We use AMD's Vivado (2023.2 ML Edition) for all hardware simulations and Virtex Ultrascale VCU108 FPGA development board for prototyping. It consists of 537,600 Lookup Tables (LUTs), 1,075,200 Flipflops (FFs), and 1728 Block RAMs (BRAMs). We evaluate the following SNN designs.

- QUANTISENC [18]: This is an open-source SNN hardware implemented as a layer-based architecture. Each layer implements leaky integrate-and-fire neurons. SNN models are mapped using SONIC [50].
- SODA [21]: This is a torch-based framework to synthesize a given model using the Bambu HLS [51].
- $\mu$ Brain [2]: A many-core design built using small  $M \times N$  cores, configured to implement  $N$  neurons per core with a maximum of  $M$  pre-synaptic connections per neuron. SNN models are mapped using SpiNeMap [52].

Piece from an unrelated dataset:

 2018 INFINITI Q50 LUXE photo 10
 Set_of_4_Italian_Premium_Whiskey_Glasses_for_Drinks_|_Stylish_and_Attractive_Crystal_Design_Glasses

### A. Impact of SNN Parameters

Table III reports the hardware performance (inference accuracy, area, power, and throughput per watt) of QUANTISENC [18] for all evaluated datasets using rate and ISI coding with time steps of 50, 100, and 200. The design is synthesized and implemented using Vivado's default strategies. We observe the variation in performance metrics for different SNN settings, which motivates the need for a common framework to benchmark SNN hardware designs. We also provide the following **critical insights** for system designers.

- 1) For each dataset, the **resource utilization** remains the same across all SNN settings. Therefore, this metric can be compared between designs using published data.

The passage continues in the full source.